• Activity:
An exact transcription of all the data is the expected reply.

Records from a data collection:
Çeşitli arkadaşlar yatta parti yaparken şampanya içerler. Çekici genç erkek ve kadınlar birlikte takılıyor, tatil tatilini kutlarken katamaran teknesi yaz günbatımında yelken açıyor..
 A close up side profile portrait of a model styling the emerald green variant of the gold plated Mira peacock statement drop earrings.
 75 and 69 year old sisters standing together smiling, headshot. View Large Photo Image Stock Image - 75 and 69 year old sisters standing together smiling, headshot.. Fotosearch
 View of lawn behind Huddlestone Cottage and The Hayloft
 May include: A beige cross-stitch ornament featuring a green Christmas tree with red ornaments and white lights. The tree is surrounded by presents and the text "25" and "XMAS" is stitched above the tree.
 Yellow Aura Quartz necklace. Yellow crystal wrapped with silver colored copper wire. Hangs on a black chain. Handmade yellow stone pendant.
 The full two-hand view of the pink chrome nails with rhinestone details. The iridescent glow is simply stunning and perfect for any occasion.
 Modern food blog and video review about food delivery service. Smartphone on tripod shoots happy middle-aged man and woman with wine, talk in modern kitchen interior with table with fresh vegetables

• Answer space:
Çeşitli arkadaşlar yatta parti yaparken şampanya içerler. Çekici genç erkek ve kadınlar birlikte takılıyor, tatil tatilini kutlarken katamaran teknesi yaz günbatımında yelken açıyor..
 A close up side profile portrait of a model styling the emerald green variant of the gold plated Mira peacock statement drop earrings.
 75 and 69 year old sisters standing together smiling, headshot. View Large Photo Image Stock Image - 75 and 69 year old sisters standing together smiling, headshot.. Fotosearch
 View of lawn behind Huddlestone Cottage and The Hayloft
 May include: A beige cross-stitch ornament featuring a green Christmas tree with red ornaments and white lights. The tree is surrounded by presents and the text "25" and "XMAS" is stitched above the tree.
 Yellow Aura Quartz necklace. Yellow crystal wrapped with silver colored copper wire. Hangs on a black chain. Handmade yellow stone pendant.
 The full two-hand view of the pink chrome nails with rhinestone details. The iridescent glow is simply stunning and perfect for any occasion.
 Modern food blog and video review about food delivery service. Smartphone on tripod shoots happy middle-aged man and woman with wine, talk in modern kitchen interior with table with fresh vegetables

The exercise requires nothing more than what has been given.